Brown also highlighted the committee’s April 30 meeting with the SEC and FINRA, which addressed the problems associated with dual regulation of investment advisors and b/ds. “They are overlapping and need harmonization. We saw the light bulb turn on for the SEC during that discussion. No one really knows when a harmonization of the regulation will happen, but we do know it will take some time,” she added.
Just how much clout the independent firms have over regulators and lawmakers is uncertain. In his keynote speech, Bill Dwyer, managing director and president of Independent Advisor Services at LPL Financial, acknowledged that the independent b/d industry “has never been in the sexy part of the financial services industry.” Independent firms and their reps, he says, typically serve America’s affluent and mass affluent, and therefore don’t have huge profit margins to work with. “That being the case, it’s harder to wield lots of influence. Instead, we need to educate the regulators about how important the independent channel is to the average client,” Dwyer said.

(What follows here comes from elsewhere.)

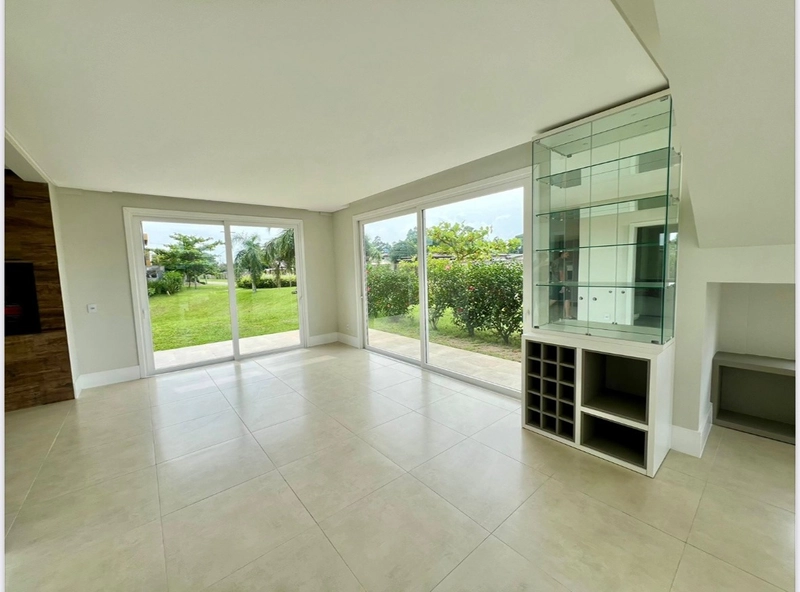 Sobrado beira lago no condomínio Capão Ilhas Resort: 6ª foto da galeria de imagens do imóvel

Regardless of his attempts to rally the independent troops, during a question-and-answer period, one gentleman asked Dwyer when LPL would put an end to “misleading and insulting” advertisements that boast a 98 percent payout. Dwyer responded by saying, “The reality is a rep can get there.” He went on to say LPL’s typical rep earns a net payout of between 60 to 65 percent, according to a commissioned Moss Adams study.